We like things to make sense.
We like black or white answers.
We want it to be easy and simple.
It rarely is.
As a result, there is a need to analyze, scrutinize and study violence to put together a system that allows you to handle it when it comes your way. Martial arts and self-defense systems are a part of that. Studying human psychology, the legal system, physics, avoidance and prevention, etc. are also part of the solution. All those together make it difficult again and we typically don’t like that. A commonly used quick solution is to make assumptions by willfully omitting factors you don’t have an answer for or relying on “common knowledge”. Sometimes this works, sometimes it doesn’t. That is why I always harp on Randy’s quote of “The differences are just as important as the similarities.”
You can take a violent situation and look at the similarities to come to certain conclusions. These conclusions can be completely accurate or completely false, depending on certain parameters you won’t know up front will be present. I covered this dynamic in the first article in my newsletter series, but when I saw these two videos, I found them to be prefect illustrations for it.
Both videos feature a man armed with a gun facing an unarmed man. These are the similarities. My point is that the differences are just as important and the chaos of violence makes it unpredictable what the outcome will be. Let’s take a look.
As far as I know, a guy barges into town hall to confront his ex. A security guard tries to stop him and the fight ensues. The guard shoots the guy in the head, killing him instantly. NSFW.
A robber sticks a gun in a store clerk’s face and thinks all is groovy. Then he gets a surprise…
In both videos, an unarmed man is confronted with a firearm wielding opponent. Two similarities, radically different outcomes. Why?
Because the differences are just as important as the two similarities.
If you take a minute or two, you can come up with a long list of differences between both videos and come to certain conclusions. The next step is to try and understand why those differences are there, what is their relative importance, how do they influence the end result and how you can account for them in your own training.
Answering those questions takes time and effort, with no certainty of getting things right when you are placed in the same or a similar situation. That’s just how violence works.
What is the point of this article? I have several I want to make:
- If you only look at the similarities, you ignore the differences at your peril. Taking complex situations and reducing them to the simplest of common denominators is not always the best solution to a problem.
- It’s easy to make assumptions and ignore the factors that create chaos and unpredictability. Just because it’s easier to practice then or it keeps you from scrutinizing the flaws in your system, doesn’t mean it’s a good idea.
- It’s easy to make assumptions that are wrong or incomplete. I’ve heard tons and tons of instructors say you can’t just rip a gun out of somebody’s hand. The second video shows just that… Does that mean you can always pull this off? No. Again, many different parameters come into play (try to list them, just as an exercise…) So be wary of extrapolating general rules from single incidents. As Dr. K. says: the plural of anecdote is not evidence.

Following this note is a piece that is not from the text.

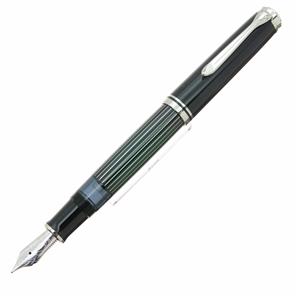 Pelikan ペリカン 万年筆 スーベレーン M815 メタルストライプ メイン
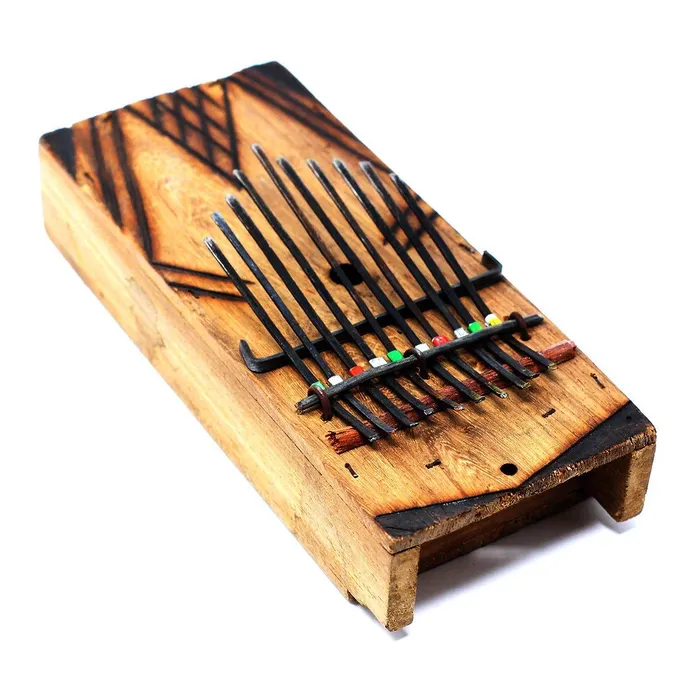 Earrings Global Crafts Small Kalimba Piano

- Contrast all this with the confidence some professionals and experienced fighters have with their techniques. They have a higher success rate with them than people who lack their experience. But does that mean they will work for you? How can you know you aren’t lacking a specific component to get the same result? The professional teaching you his most effective techniques might not know about the importance of that component. He might even take it for granted. Who knows?
- There are no guarantees. As much as we like things to be simple, they rarely are. Anybody who tells you they have an easy, never-fail solution to violence is either full of shit or he doesn’t understand the true nature of violence.
- It’s your butt on the line. You decide how far you take things. You decide what your assumptions are, which factors you incorporate in your training, when you re-evaluate them, etc. I can’t make those choices for you as I don’t live your life. My only recommendation is to do all this as a conscious choice instead of blindly accepting information from any instructor, including me.
As always, good luck in your training.